Medication

How stuff works—Buprenorphine

Buprenorphine was discovered in 1966, at a home products company Reckitt and Colman. They believed that “opioids with structures substantially more complex than morphine could selectively retain the desirable actions whilst shedding the undesirable side effects,” and their main goal was to find such an opioid. They had two failed attempts before finally putting buprenorphine into clinical studies. When presented at major conferences, buprenorphine was attractive to many pharmacologists because it was seen as an effective pain killer that didn’t have a high abuse potential, and it also had potential as a drug treatment for narcotic addiction. Despite this realization it took almost three decades for it to be used therapeutically.

This sublingual form of buprenorphine was manufactured by Reckitt and was released in 1995, first in France, in response to the AIDS epidemic among heroin injection users. In 2002, it received FDA approval in the United States. Subutex contains just buprenorphine, so it was prone to diversion.

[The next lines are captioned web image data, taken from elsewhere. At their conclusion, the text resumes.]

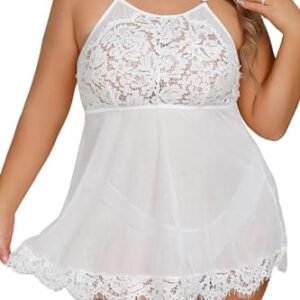 Wistful White Lace & Chiffon Chemise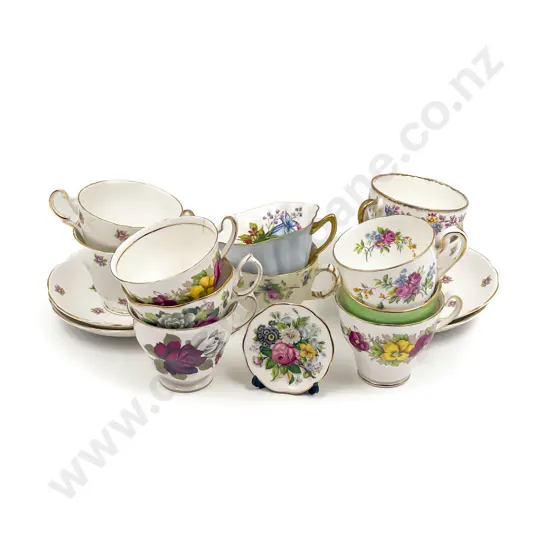 Box of Assorted Tea China and Floral Menu Holders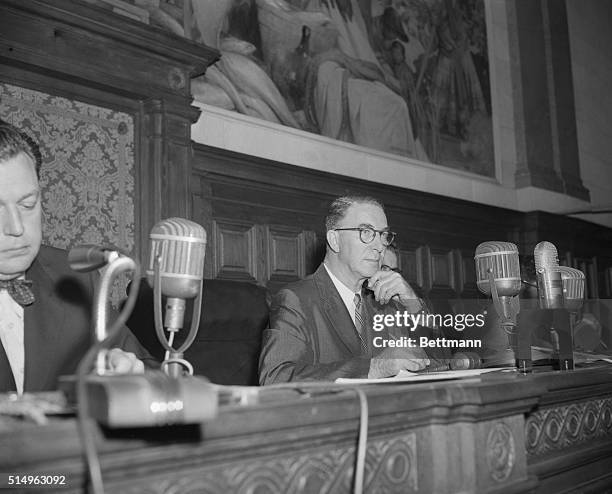 Senator Estes Kefauver listens to the testimony of Alabama Attorney General John Patterson in Miami's federal courthouse. Senator Kefauver is the...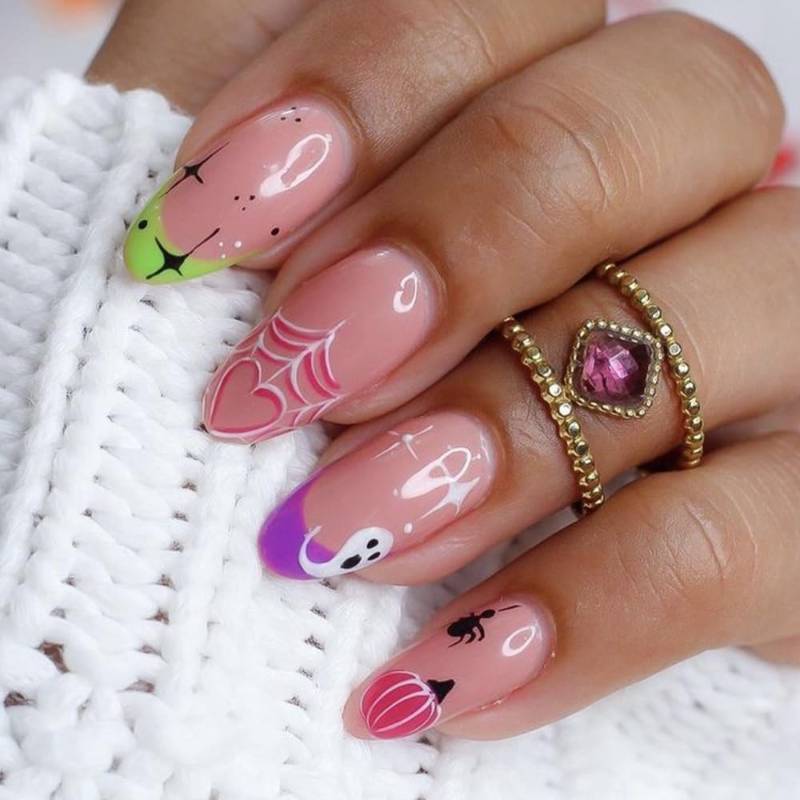 lot 64022 image: Halloween Press on Nails Medium Almond Fake Nails Cute Pumpkin Ghost Spider Web Acrylic Nails French Tips False Nails with Designs Star Glue on Nails for Women Girls Nails Decoration 24Pcs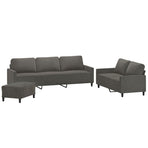 3 Piece Sofa Set with Cushions Dark Grey Velvet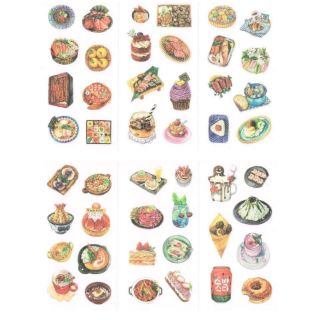 set sticker เนื้อวาชิ ลายอาหารนานาชาติ
1 ซองมี 6 แผ่น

Buprenorphine + Naloxone = Suboxone

In 1993, the National Institute on Drug Abuse approached Reckitt about developing a combination tablet that could help prevent the problem of buprenorphine and methadone diversion. In 2003, Suboxone, the response to the request, received FDA approval. Suboxone contains both buprenorphine and naloxone, a full agonist that can help prevent users from injecting Suboxone to get high.

Buprenorphine is a partial μ-opioid receptor agonist and κ-opioid receptor antagonist with a ceiling effect, which reduces both abuse potential and accidental respiratory depression. Naloxone is an opioid receptor antagonist, which causes withdrawal effects if used intravenously by opioid-dependent patients.